Originally, The Solars were a duo: childhood friends Miles Hewitt and Quetzel Herzig. But when the two moved to Boston to pursue education at Harvard and Berklee, they met Cody Carson, Jason Lilly, and John Miller, who now join The Solars in their live performances.
Hewitt described the band’s sound as “two-headed in that it is backward and forward facing.” In a way, this is reflected in “Old K.B.”—the contradiction between the optimism of the music and lyrics like “now I know there’s nothing left at the beach” both look forward and back to the past.
“We liked the idea of making something deceptively up-tempo, [something] that’s afraid to admit how sad it is,” Hewitt explained.
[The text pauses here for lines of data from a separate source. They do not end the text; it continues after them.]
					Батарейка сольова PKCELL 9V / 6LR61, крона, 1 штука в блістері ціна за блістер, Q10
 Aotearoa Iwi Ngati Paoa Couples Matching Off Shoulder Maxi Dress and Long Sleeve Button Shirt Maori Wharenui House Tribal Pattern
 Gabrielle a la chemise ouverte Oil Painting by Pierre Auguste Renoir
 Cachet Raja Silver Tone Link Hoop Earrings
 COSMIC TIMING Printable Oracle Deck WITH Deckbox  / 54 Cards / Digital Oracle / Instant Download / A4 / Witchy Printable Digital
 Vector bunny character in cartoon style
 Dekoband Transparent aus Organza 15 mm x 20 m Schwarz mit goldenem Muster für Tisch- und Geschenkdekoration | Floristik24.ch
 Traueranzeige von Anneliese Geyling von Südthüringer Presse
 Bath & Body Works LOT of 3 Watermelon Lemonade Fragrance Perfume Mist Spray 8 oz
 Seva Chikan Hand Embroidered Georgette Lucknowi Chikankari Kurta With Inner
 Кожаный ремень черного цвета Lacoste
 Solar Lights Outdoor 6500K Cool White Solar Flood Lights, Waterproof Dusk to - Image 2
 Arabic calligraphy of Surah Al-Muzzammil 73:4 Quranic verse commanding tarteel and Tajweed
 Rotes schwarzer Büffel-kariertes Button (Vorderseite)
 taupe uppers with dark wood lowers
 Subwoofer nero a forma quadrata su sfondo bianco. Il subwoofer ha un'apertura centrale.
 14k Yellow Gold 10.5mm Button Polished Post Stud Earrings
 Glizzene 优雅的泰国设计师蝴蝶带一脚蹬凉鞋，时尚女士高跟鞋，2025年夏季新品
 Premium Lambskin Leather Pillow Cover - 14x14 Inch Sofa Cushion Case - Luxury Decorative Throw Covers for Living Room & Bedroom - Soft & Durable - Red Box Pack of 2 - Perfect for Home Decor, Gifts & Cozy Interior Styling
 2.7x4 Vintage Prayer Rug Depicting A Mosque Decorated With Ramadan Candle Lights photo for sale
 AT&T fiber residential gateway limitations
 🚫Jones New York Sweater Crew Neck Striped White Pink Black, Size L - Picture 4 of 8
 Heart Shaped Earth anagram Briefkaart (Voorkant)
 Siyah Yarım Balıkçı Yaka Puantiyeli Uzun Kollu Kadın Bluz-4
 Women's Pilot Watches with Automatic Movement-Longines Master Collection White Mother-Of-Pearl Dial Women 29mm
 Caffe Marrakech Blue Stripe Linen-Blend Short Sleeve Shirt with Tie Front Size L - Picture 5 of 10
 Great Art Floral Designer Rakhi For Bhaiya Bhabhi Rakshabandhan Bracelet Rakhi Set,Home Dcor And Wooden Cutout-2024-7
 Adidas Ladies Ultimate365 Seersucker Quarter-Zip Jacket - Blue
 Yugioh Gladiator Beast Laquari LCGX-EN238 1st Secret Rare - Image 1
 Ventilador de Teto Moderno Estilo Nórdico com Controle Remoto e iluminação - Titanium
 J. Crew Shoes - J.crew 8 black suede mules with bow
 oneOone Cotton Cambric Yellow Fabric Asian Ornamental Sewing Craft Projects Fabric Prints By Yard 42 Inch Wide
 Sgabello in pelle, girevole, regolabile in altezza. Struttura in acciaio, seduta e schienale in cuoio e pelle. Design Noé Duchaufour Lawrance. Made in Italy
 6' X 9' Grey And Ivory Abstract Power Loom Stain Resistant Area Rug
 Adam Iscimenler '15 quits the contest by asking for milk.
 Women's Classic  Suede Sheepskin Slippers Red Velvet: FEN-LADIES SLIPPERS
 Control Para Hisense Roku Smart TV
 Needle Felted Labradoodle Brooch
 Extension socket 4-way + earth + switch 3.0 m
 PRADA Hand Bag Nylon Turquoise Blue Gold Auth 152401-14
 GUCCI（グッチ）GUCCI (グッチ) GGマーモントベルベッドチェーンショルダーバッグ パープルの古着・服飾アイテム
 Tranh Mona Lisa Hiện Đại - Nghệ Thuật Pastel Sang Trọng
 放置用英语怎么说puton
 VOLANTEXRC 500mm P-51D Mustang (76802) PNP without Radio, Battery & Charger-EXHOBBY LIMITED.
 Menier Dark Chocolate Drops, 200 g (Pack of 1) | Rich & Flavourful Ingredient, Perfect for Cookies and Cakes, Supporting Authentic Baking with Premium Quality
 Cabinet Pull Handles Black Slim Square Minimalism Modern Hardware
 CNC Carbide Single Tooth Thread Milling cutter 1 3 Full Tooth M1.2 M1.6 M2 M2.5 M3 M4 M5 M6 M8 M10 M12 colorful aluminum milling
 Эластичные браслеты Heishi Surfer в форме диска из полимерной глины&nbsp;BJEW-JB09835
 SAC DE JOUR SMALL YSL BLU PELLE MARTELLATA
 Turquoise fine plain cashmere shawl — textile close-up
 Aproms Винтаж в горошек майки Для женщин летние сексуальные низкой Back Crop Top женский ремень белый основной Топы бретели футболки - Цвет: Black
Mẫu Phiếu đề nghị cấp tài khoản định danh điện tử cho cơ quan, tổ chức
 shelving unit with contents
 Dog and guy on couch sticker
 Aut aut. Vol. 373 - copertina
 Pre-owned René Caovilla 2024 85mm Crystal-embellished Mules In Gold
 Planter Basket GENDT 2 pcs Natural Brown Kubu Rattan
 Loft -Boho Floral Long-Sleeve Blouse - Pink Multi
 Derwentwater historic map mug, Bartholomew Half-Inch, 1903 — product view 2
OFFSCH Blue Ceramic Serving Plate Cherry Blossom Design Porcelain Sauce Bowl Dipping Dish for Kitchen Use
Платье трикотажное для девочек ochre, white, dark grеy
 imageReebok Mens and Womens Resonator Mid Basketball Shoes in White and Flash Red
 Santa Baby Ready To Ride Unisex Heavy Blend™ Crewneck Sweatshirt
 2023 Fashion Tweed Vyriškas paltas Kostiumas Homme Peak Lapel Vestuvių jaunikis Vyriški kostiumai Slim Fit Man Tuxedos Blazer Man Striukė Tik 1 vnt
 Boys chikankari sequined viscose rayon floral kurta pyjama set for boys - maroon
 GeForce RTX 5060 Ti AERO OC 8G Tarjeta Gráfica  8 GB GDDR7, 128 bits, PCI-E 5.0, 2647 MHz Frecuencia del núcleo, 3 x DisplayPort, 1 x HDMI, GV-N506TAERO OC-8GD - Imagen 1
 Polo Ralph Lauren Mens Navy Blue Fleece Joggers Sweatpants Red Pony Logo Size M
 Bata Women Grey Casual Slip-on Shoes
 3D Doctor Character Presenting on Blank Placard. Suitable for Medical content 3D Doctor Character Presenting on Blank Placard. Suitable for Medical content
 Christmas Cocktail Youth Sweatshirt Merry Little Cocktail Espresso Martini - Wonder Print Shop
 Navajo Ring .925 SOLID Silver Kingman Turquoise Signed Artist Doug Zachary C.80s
The Solars shared with us some of the demos from their songwriting process, and it’s clear that the additional instrumentation (which includes a piano with paperclips spread over the strings and recordings played backwards) and the production plays a big role in creating the contrast between sound and lyrical content.
Below, listen to a demo Hewitt shared with Herizig—a more downcast version with just piano, vocals and a bit of bass:
The song takes a different turn when the piano is left out, and instead replaced with acoustic guitar and drums, becoming less mournful ballad and more matter-of-fact storytelling:
In the final version of “Old K.B.” the elements come together: the piano drives the song forward, the trumpet comes in for moments of hazy nostalgia, an electric guitar solo introduces a building crescendo of vocal layering. In the end, all instrumentation drops out, save for vocals and piano, a call back to the original demo and the protagonist is left to ponder their dream.